Impact of linkage quality on inferences drawn from analyses using imperfectly matched data with high rates of linkage errors

  • Christopher Rentsch,
  • Georges Reniers,
  • Katie Harron,
  • Richard Machemba,
  • Baltazar Mtenga,
  • Denna Michael,
  • Chodziwadziwa Kabudula,
  • Redempta Natalis,
  • Mark Urassa,
  • Jim Todd,
  • Basia Zaba

DOI
https://doi.org/10.23889/ijpds.v3i4.605
Journal volume & issue
Vol. 3, no. 4

Abstract

Read online

Introduction Studies based on high-quality linked data in developed countries show that residual linkage errors impact the bias and precision of subsequent analyses. Since 2015, we conducted point-of-contact interactive record linkage (PIRL) between serological survey data and manually digitised medical records with low data quality from three clinics in rural Tanzania. Objectives and Approach We sought to determine the impact of the substantial linkage errors made by automated probabilistic linkage (a commonly used, less accurate, but much cheaper alternative to PIRL) on the bias and precision of inferences drawn from Cox regression analyses, comparing time from a positive HIV diagnostic test to registration at a local HIV care and treatment clinic (CTC) by testing modality (sero-survey vs. clinic). Using PIRL links as the gold standard, we quantified false/missed matches, compared characteristics between linked and unlinked data, and evaluated regression estimates at low, medium, and high (25th, 50th, and 75th percentile) match score thresholds. Results Between 2015-2017, 297 and 147 individuals with gold standard links received HIV+ test results in sero-surveys and clinics, respectively. Automated probabilistic linkage correctly identified 276 individuals (positive predictive value [PPV]=62%) at the low threshold and 43 individuals (PPV=96%) at the high threshold. At the lowest threshold, false matches were more likely to be clinic testers and less likely to register at CTC. These differences attenuated with increased threshold. Testing modality was significantly associated with time to CTC registration in the gold standard data (adjusted hazard ratio [HR] 6.42, 95%CI 4.45-9.28). Increasing false matches progressively weakened the association (low threshold: HR 4.99, 95%CI 3.45-7.21).
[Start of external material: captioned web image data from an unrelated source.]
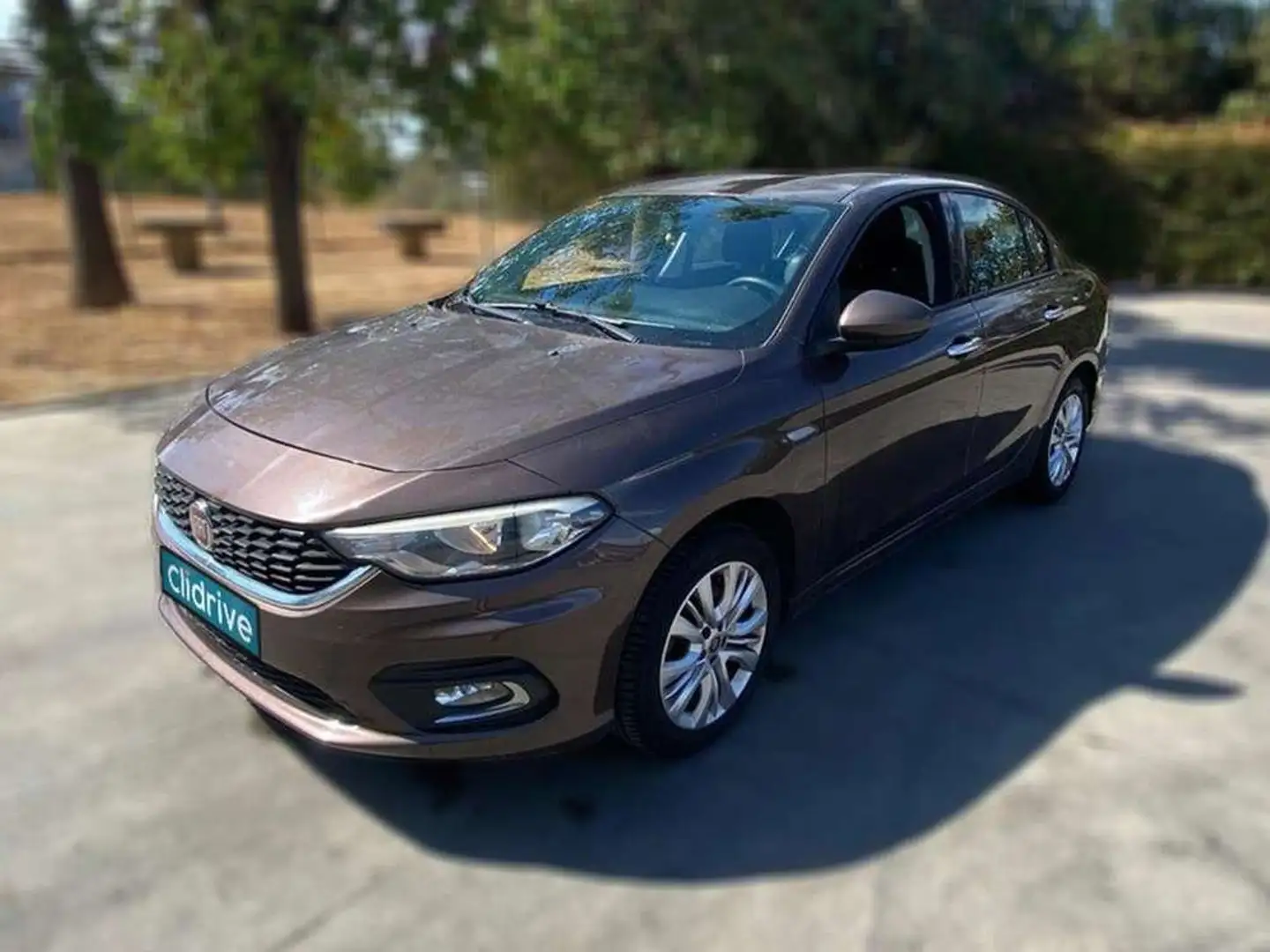 Fiat Tipo Sedán 1.3 Multijet II Easy Marrón - 2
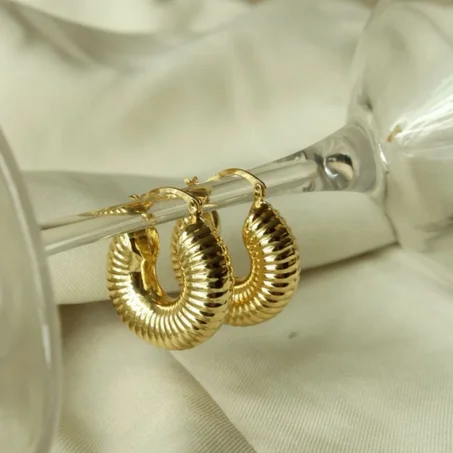 Luna Glow Drop Earrings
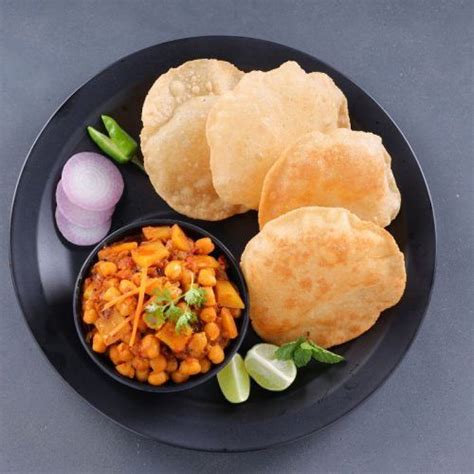 chole bhature definition.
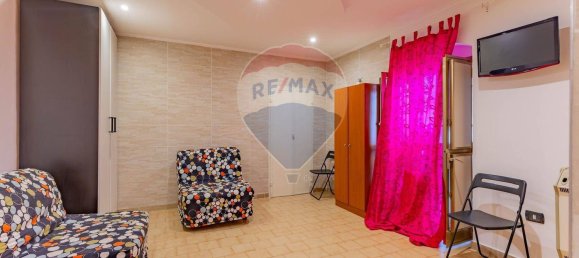 Studio in Bari, Italy No. 293339 9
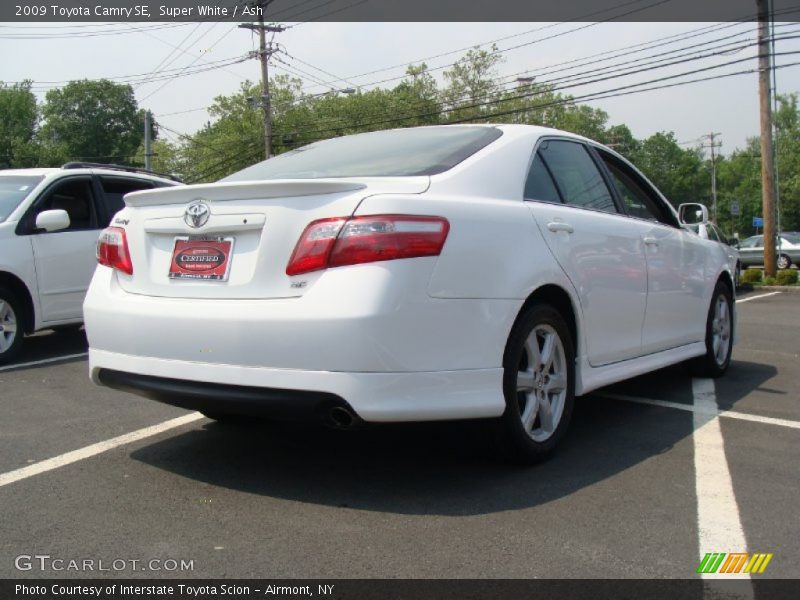Super White / Ash 2009 Toyota Camry SE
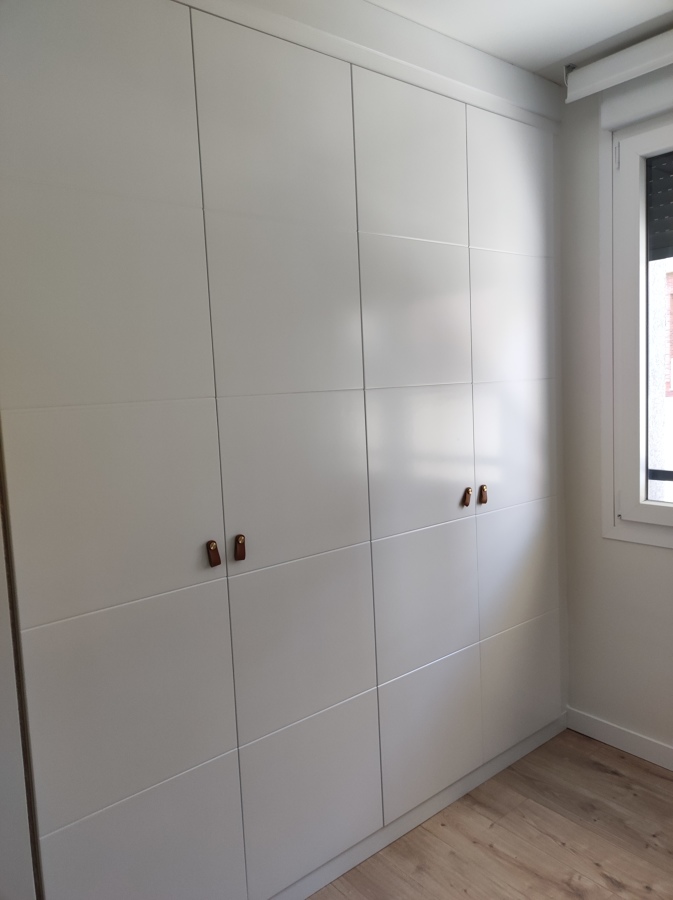 Armario puertas lacadas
Increases in missed matches were strongly correlated with a reduction in the precision of coefficient estimates (R-squared=0.94; p=0.0001). Conclusion/Implications While the significance of inferences did not change, a clear direction of bias was identified. High rates of false matches in this setting reduced the magnitude of the association; missed matches reduced precision. Adjusting for these biases could provide more robust results using data with considerable linkage errors.